Les mois pluvieux, la famille loue une pièce rudimentaire à Yahchouch, dans les hauteurs de Nahr Ibrahim. Le reste du temps, elle s'installe au bord du fleuve: un milieu idéal pour les bambins qui barbotent, pêchent, profitent d'une balançoire artisanale et se baladent dans un paradis à longueur de journée.
Pour Salwa, jeune femme de quarante ans, un quotidien idyllique et pénible à la fois, incroyable en tout cas. «Nous sommes heureux, et le cadre de la nature est évidemment beau, mais cela reste une vie dure», souligne-t-elle sans pourtant se plaindre.
Profession : épouse de bûcheron
Ahmad exploite tout au long de l'année une parcelle privée de la forêt de Chouwen: il plante des arbres et en abat d'autres qu'il débite en bûches et transforme en charbon.

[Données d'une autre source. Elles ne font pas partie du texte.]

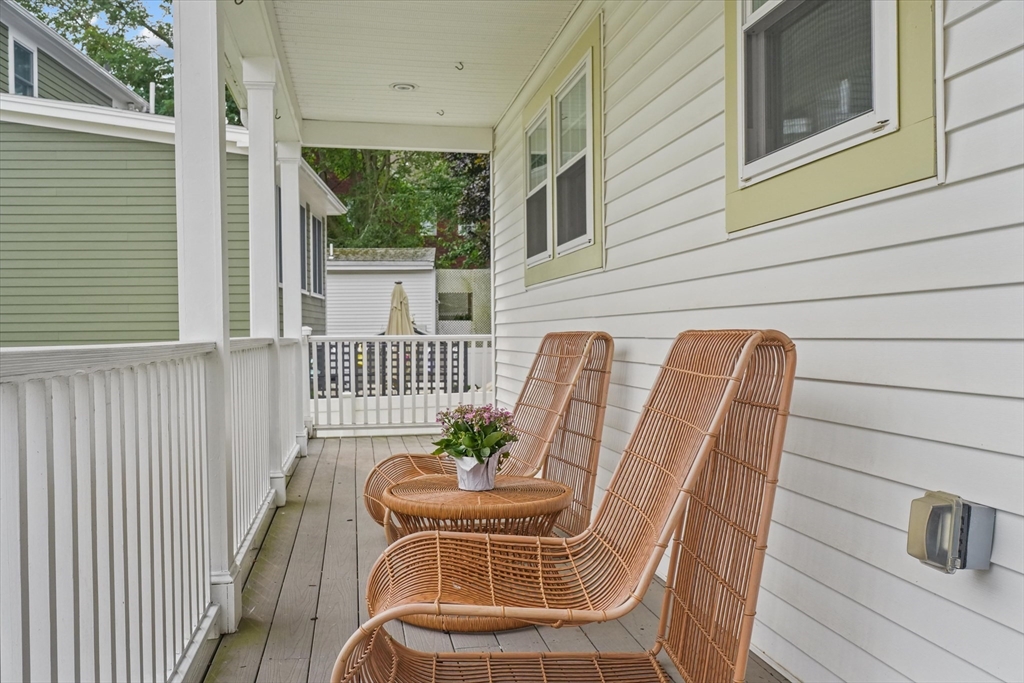 18 Ames St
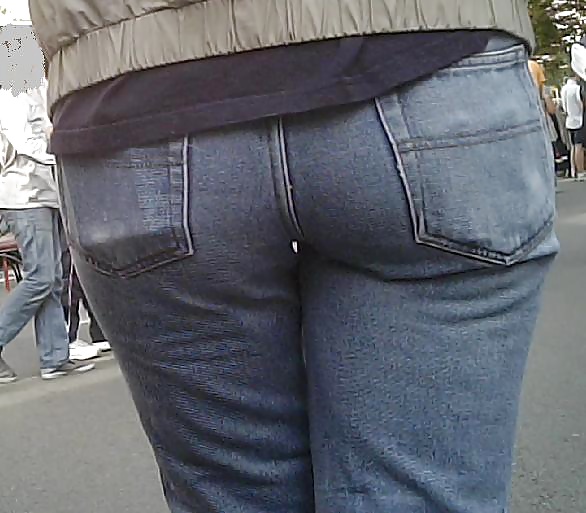 Milf culo in jeans stretti
 #29390817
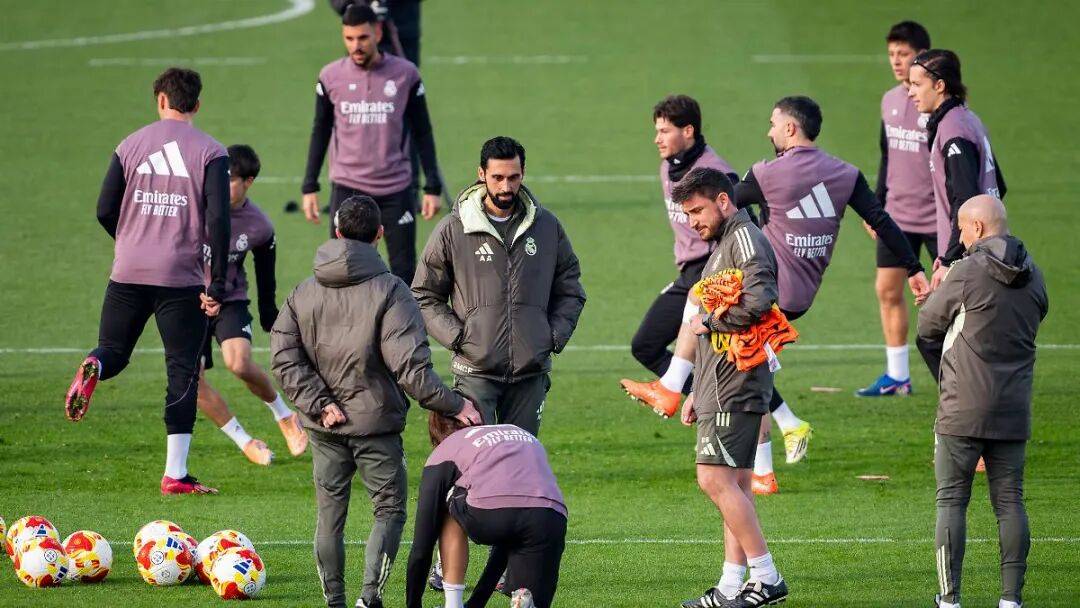 lol 赛事直播-今晚巴黎圣日耳曼内部沟通：国王杯节点到来；更衣室稳定；资深球员宣示担当的简单介绍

Des fruits de son travail, il reverse 25% à son patron, laissant le maigre reste pour nourrir les siens, et payer médecin et école pendant l'hiver.
Quant à Salwa, elle gère l'intendance, prend soin des enfants et met la main au charbon.
Une bonne moitié de l'année, le jeune couple vit au rythme bohême mais soutenu du camping: Ahmad, à la force herculéenne, transporte à même son épaule d'énormes sacs de bûches, tandis que Salwa cuisine chaque jour au feu de bois. Un menu sain et frugal: soupe de lentilles ou poissons grillés que toute la petite famille a pêchés le matin même dans les eaux vert-turquoise qui ondulent au pied du campement. La lessive, Salwa la fait aussi dans le cours d'eau, de même qu'elle y puise l'eau du thé et du café. Le bain, c'est encore à la rivière... et les sorties piscine aussi!
Un loft immense mais inconfortable
Comme aux premiers temps de l'histoire de l'Homme, l'essentiel se partage autour du feu: c'est là que, dans un décor des plus sobres, on trouve, à même le sol, pitance, lumière, chauffage, mais aussi convivialité. La salle à manger, c'est donc autour du foyer, et le salon en contrebas, à deux doigts du fleuve, pour y recevoir les convives − souvent des campeurs voisins − loin de la poussière de charbon qui noircit des pieds à la tête la marmaille réjouie.
À la belle étoile
On n'a jamais vu chambrée plus dépouillée: quatre matelas de mousse acrylique, entassés dans les taillis, sont déployés sur la cendre froide qui s'envole au moindre pas avant de vous prendre les poumons. Mais c'est le seul endroit plat dans ce milieu rocheux et boisé.
Dépouillement qui impressionne mais qui semble être le prix à payer pour vivre une nuit unique sous la voûte étoilée. Une vie de renoncement et d'extrême simplicité qui n'est pas à la portée de qui veut. À quelques kilomètres du tumulte de la ville, et avec un sourire qui force le respect, Salwa mène, à l'abri des regards, son humble destinée.